During the months of November to March the average yield from 1000 lemons in the factories of Palermo is 320 grammes of oil; in those of Messina, where a better quality of fruit is employed, the yield is about 400 grammes. The same number of lemons yield about 10 gallons of juice, the collection of which is, of course, a necessary accompaniment of the manufacture of volatile oil.

Pure oil of lemons is almost colorless and has the odor of the fruit. Its specific gravity varies between 0.8752 and 0.8785; it boils at 298.4° F., and is soluble in all proportions in absolute alcohol and glacial acetic acid. It contains, according to G. Bouchardat and J. Lafont, besides a little cymene, several hydrocarbons, the most abundant of which is citrene, C10H16, boiling near 352.5° F., having a rotatory power exceeding +105°, and yielding a solid optically inactive dihydrochloride.
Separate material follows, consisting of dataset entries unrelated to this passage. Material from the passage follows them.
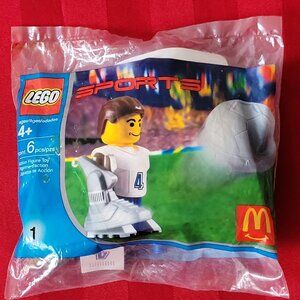 2004 LEGO SOCCER PLAYER, MINT IN THE PACKAGE!!!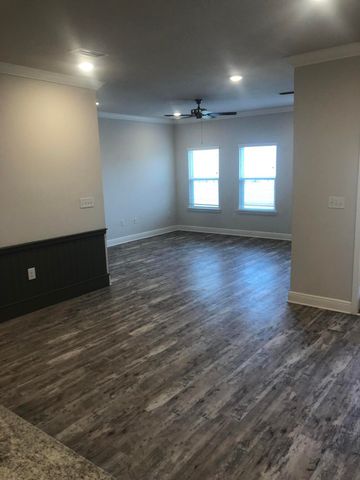 158 Lightning Bug Lane, Freeport, FL 32439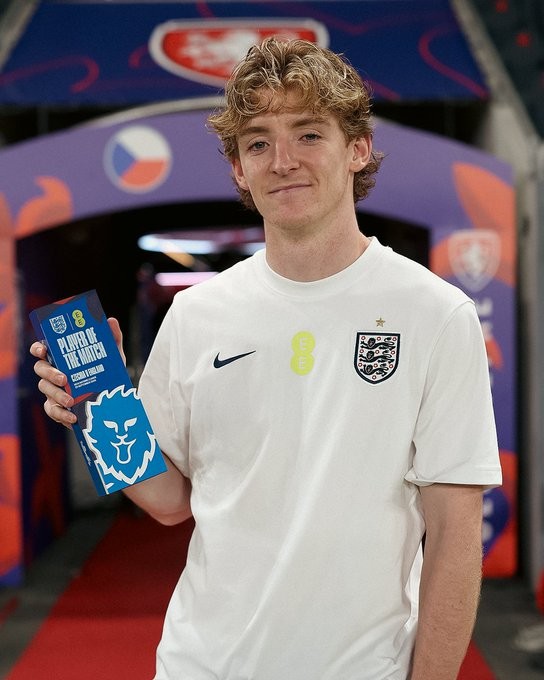 Gordon anotó el primer gol y fue elegido Mejor Jugador en la victoria de Inglaterra sobre República Checa
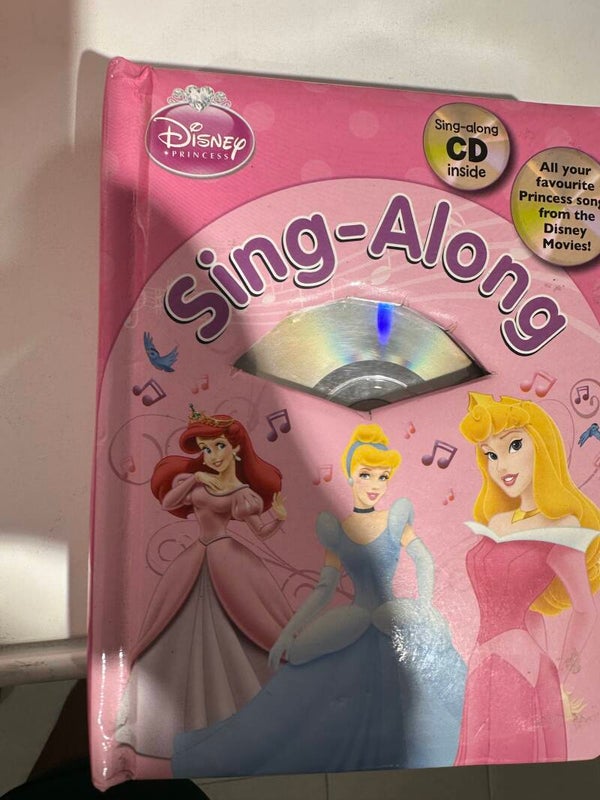 Princesses Sing Along Disney With CD - Books*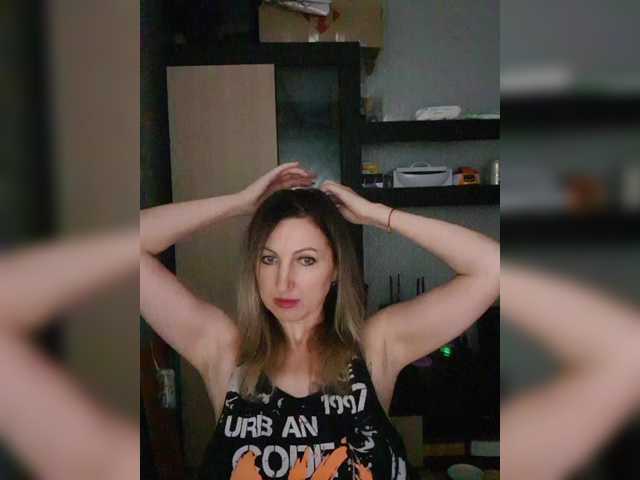 Nushka1939's BongaCams show and profile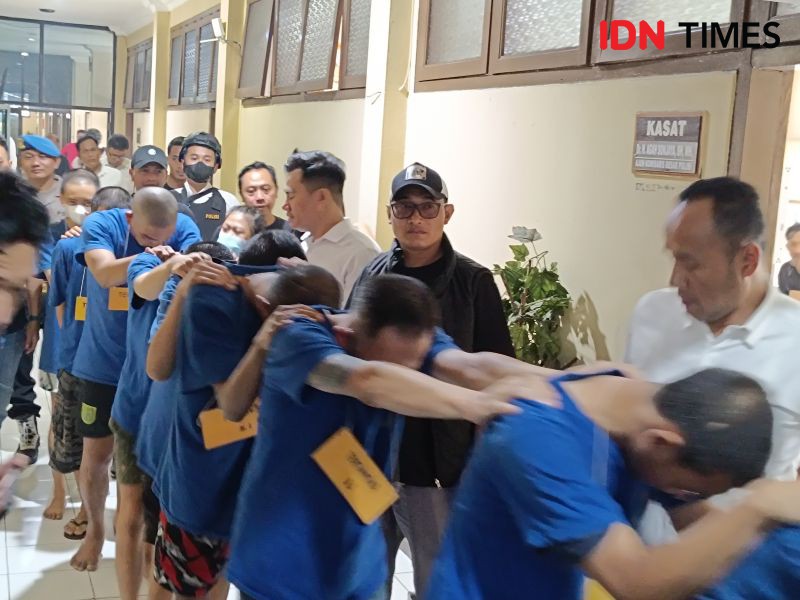 Pedagang Lumpia di Bandung Nyambi Jualan Sabu Ditangkap Polisi
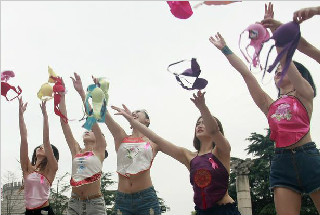 <em>美女</em>抛<em>胸罩</em>呼吁关注乳腺-天下<em>图库</em>_华商网新闻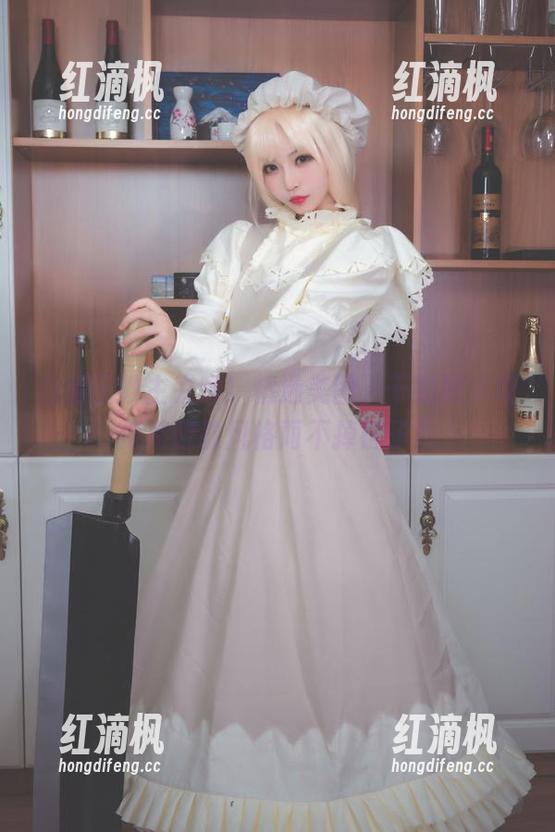 白易子教主来啦！精选美图，干物妹小埋保持懒散风格而不掉链子！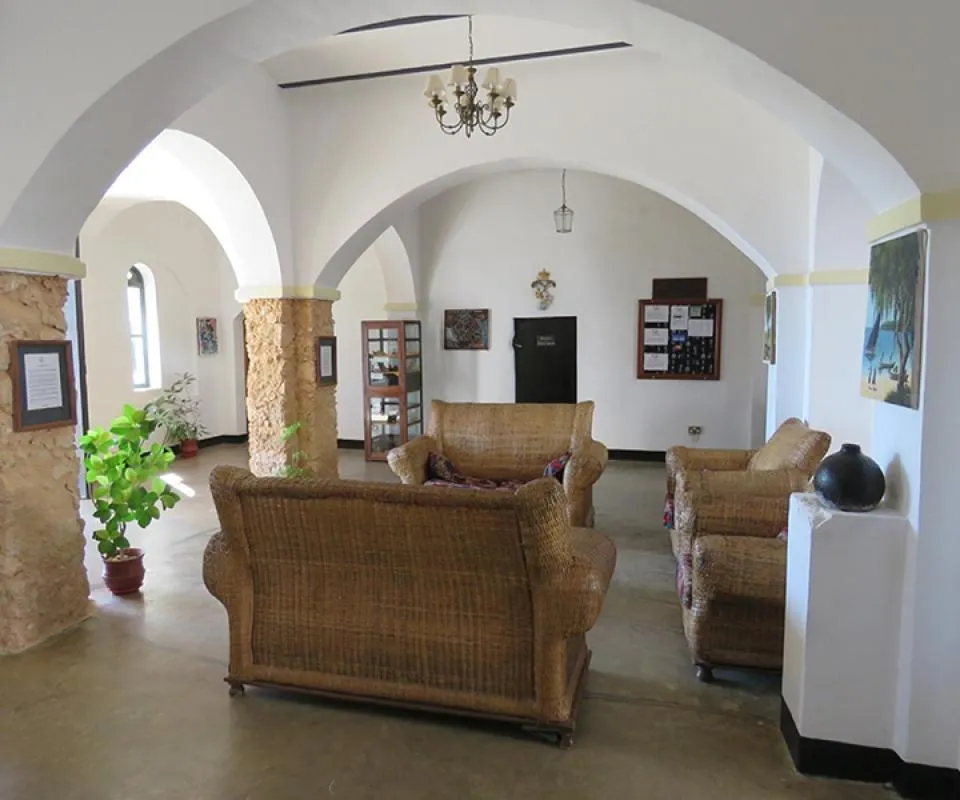 Communal lounge/ TV room in The Old Boma Hotel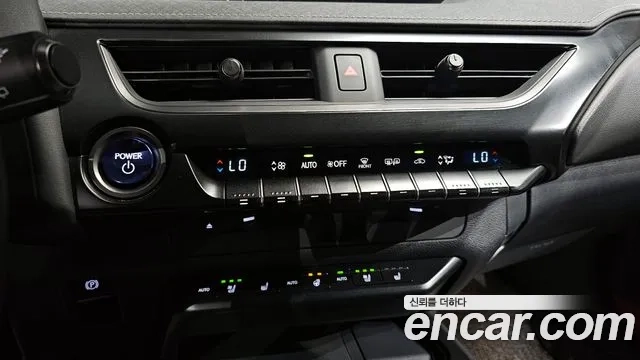 Lexus UX250h id 2911306 из Кореи 8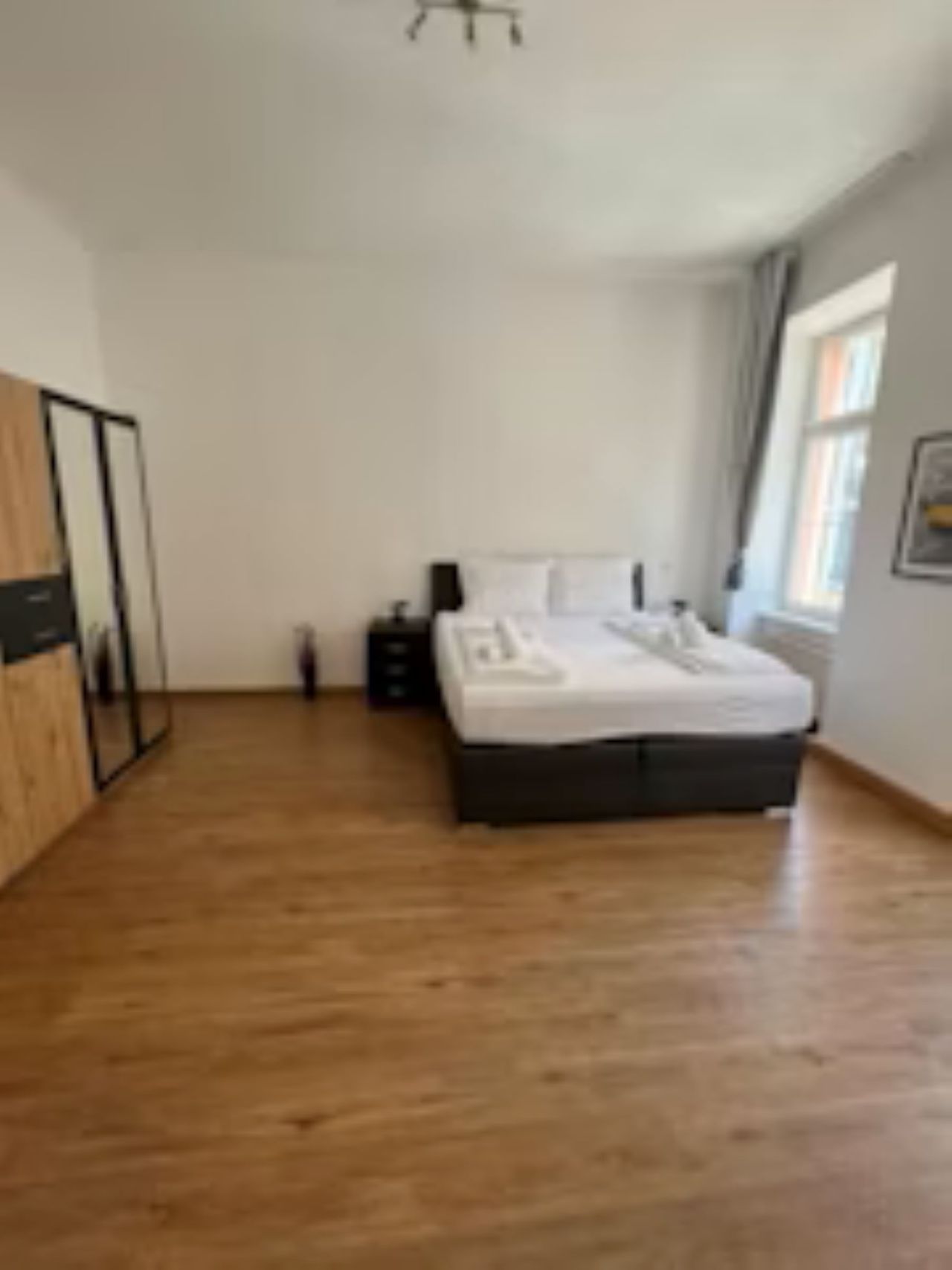 Bright, nice home near school (Wien)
Oil of lemons is frequently adulterated with oil of turpentine. This may be detected, according to G. Heppe, by slowly heating the oil in a dry test-tube with a small piece of copper butyrate to about 338° F., taking care that the temperature does not exceed 356°F. The copper salt will dissolve in pure oil of lemons with a green color, while in the presence of oil of turpentine a yellow turbid mixture is obtained, reddish-yellow cuprous oxide being separated. This test is also applicable to oils of bergamot and of orange-peel.